I had an job interview weeks ago, when I heard the interviewer mentioned docker inside docker, I was like "wow..."
couple scalability article:
- 30K Page Views for $0.21: A Serverless Story
- How PayPal Scaled to Billions of Transactions Daily Using Just 8VMs
paypal one is nice, more details: squbs: A New, Reactive Way for PayPal to Build Applications
talking about reactive, I'm going to read this book: Functional Reactive Programming
even pure java is very high performance, check this article from 2013: 135 Million messages a second between processes in pure Java, and discussion on hacker news
jvm rocks, someone mentioned this slide: Shenandoah GC: Java Without The Garbage Collection Hiccups, no gc, I wanna see how it does that.

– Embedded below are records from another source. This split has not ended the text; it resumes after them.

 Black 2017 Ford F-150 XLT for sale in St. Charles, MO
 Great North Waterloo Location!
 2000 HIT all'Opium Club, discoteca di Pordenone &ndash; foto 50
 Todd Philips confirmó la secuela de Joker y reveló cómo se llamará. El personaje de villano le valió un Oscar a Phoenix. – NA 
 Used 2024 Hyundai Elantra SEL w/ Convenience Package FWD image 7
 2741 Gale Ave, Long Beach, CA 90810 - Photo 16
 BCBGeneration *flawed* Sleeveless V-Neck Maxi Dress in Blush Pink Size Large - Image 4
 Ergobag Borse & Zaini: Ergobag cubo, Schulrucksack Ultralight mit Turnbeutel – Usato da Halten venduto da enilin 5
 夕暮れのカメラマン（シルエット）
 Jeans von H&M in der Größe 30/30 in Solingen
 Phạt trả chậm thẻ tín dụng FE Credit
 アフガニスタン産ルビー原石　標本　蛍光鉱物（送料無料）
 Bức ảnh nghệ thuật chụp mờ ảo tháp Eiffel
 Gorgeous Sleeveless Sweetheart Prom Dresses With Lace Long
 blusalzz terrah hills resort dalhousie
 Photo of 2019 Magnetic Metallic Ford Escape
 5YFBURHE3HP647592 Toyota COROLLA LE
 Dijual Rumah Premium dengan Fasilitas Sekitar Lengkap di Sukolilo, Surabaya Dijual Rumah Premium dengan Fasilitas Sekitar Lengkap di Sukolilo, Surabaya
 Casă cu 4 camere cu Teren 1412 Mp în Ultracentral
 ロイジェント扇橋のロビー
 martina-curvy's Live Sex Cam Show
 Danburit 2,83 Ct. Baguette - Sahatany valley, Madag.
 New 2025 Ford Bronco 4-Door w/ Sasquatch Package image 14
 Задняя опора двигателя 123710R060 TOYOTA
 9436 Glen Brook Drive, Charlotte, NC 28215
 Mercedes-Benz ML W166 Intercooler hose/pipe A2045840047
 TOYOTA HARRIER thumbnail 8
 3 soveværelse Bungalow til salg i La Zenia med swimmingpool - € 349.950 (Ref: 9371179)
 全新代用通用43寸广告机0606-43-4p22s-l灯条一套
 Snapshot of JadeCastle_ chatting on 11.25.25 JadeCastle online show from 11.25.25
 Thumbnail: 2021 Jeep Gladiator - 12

some interesting tools/libries:
- Meld, a visual diff and merge tool targeted at developers.
- ramswaroop/jbot: Make Slack, Facebook and Twitter Bots in Java in minutes.
- Colorized man pages: Understood and customized
- SAM, System Architecture Mapper, an interactive network-traffic mapping tool.
- ZFS High-Availability NAS
Monday, August 22, 2016
heard about few new libraries when reading this reddit thread: What does your dream Clojure stack look like?
- levand/quiescent: A lightweight ClojureScript abstraction over ReactJS
- tonsky/rum: Simple, decomplected, isomorphic HTML UI library for Clojure and ClojureScript
- emil0r/reverie: A CMS for power users
but why so many cljs libraries?
a blog post about go: What Golang Is and Is Not and discussion on hacker news
I too think go is more suitable for scripting.
Tuesday, August 23, 2016
saw a very old link from hacker news: The Windows 95 User Interface: A Case Study in Usability Engineering
I like windows classic UI, so consistency and solid.
after reading that I switched my ubuntu to use gnome:
sudo apt-get install gnome-session-flashback
log out, on login box, click the ubuntu icon and select gnome flashback (metacity)
, then login.
I was going to install this theme: Windows Classic GTK 3 (just un-tar it to /usr/share/themes/
), but found it doesn't look good.
however, gnome flashback is much faster than unity, I think I'll stick with it.
to customize, install few packages: gnome-tweak-tool
, dconf-editor
, gnome-search-tool
to add application shortcuts to the top panel, you'll need to use alt + right click
to speed up, open dconf-editor
, follow the path: org > gnome > metacity
, and uncheck:
compositing-manager
edge-tiling
when I used alt + tab
under unity, it's so slow. now it switches instantly, so much better.
Wednesday, August 24, 2016
when I clicked on a link from my news site, this pge shows up.
I heard the vulnerbility before, but never remember to update the site. thanks to the page I just added rel="noopener noreferrer"
to my _blank
links.
read the blog I Don't Need No Stinking API - Web Scraping in 2016 and Beyond, don't like it but learned a few things for selenium, especially antigate.
when I visited local library, saw a bunch of perl books. I read some chapters randomly, I kinda want to pick up perl again.
I still want to finish Higher-Order Perl
I think perl is perfect for devops, but the only link I found from recently is A Perl toolchain for building micro-services at scale
will try mojolicious as it got so many positive comments.
Wednesday, August 31, 2016
still couldn't find connection between hoplon and backend unless using castra, but I don't want to use it.
couldn't decide which one to try: rum or quiescent.
and onyx is complicated.
I may need to take a break from clojure.
reading Go in Action and The Go Programming Language now.
didn't have time to finish them before, and will put reading notes online later.
docker is under fire since v1.12
with swarm:
- The Sad State of Docker
- Docker Not Ready for Prime Time
- A Docker Fork: Talk of a Split Is Now on the Table
I agree that docker shouldn't fight kubernetes and should give up swarm.